START Records for this exercise

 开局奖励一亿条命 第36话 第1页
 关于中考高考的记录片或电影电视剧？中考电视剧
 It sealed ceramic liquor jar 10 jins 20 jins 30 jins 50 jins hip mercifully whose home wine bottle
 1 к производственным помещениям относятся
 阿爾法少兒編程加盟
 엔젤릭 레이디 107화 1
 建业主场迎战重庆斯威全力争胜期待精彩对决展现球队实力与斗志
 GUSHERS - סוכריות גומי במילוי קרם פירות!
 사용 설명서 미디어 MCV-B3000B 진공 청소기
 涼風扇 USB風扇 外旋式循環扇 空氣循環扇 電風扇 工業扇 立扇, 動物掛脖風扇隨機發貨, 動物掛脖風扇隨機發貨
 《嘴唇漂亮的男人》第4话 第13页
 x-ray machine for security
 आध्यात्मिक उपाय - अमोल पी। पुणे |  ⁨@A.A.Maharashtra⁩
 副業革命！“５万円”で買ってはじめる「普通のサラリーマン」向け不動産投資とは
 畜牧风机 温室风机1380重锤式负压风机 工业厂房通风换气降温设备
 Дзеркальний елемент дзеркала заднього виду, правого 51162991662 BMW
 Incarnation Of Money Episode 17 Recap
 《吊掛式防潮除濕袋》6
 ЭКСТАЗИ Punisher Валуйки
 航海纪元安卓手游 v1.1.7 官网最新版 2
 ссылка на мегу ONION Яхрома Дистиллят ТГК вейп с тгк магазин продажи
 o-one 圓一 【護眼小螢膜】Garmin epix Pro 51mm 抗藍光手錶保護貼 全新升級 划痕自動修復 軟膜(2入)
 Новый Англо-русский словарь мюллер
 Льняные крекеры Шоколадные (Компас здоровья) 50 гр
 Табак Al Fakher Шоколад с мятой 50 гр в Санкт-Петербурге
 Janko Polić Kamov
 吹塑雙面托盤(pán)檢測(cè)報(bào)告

END Records for this exercise

Directions for this task: From the listing above, extract every line exactly as it stands.

The answer:
 开局奖励一亿条命 第36话 第1页
 关于中考高考的记录片或电影电视剧？中考电视剧
 It sealed ceramic liquor jar 10 jins 20 jins 30 jins 50 jins hip mercifully whose home wine bottle
 1 к производственным помещениям относятся
 阿爾法少兒編程加盟
 엔젤릭 레이디 107화 1
 建业主场迎战重庆斯威全力争胜期待精彩对决展现球队实力与斗志
 GUSHERS - סוכריות גומי במילוי קרם פירות!
 사용 설명서 미디어 MCV-B3000B 진공 청소기
 涼風扇 USB風扇 外旋式循環扇 空氣循環扇 電風扇 工業扇 立扇, 動物掛脖風扇隨機發貨, 動物掛脖風扇隨機發貨
 《嘴唇漂亮的男人》第4话 第13页
 x-ray machine for security
 आध्यात्मिक उपाय - अमोल पी। पुणे |  ⁨@A.A.Maharashtra⁩
 副業革命！“５万円”で買ってはじめる「普通のサラリーマン」向け不動産投資とは
 畜牧风机 温室风机1380重锤式负压风机 工业厂房通风换气降温设备
 Дзеркальний елемент дзеркала заднього виду, правого 51162991662 BMW
 Incarnation Of Money Episode 17 Recap
 《吊掛式防潮除濕袋》6
 ЭКСТАЗИ Punisher Валуйки
 航海纪元安卓手游 v1.1.7 官网最新版 2
 ссылка на мегу ONION Яхрома Дистиллят ТГК вейп с тгк магазин продажи
 o-one 圓一 【護眼小螢膜】Garmin epix Pro 51mm 抗藍光手錶保護貼 全新升級 划痕自動修復 軟膜(2入)
 Новый Англо-русский словарь мюллер
 Льняные крекеры Шоколадные (Компас здоровья) 50 гр
 Табак Al Fakher Шоколад с мятой 50 гр в Санкт-Петербурге
 Janko Polić Kamov
 吹塑雙面托盤(pán)檢測(cè)報(bào)告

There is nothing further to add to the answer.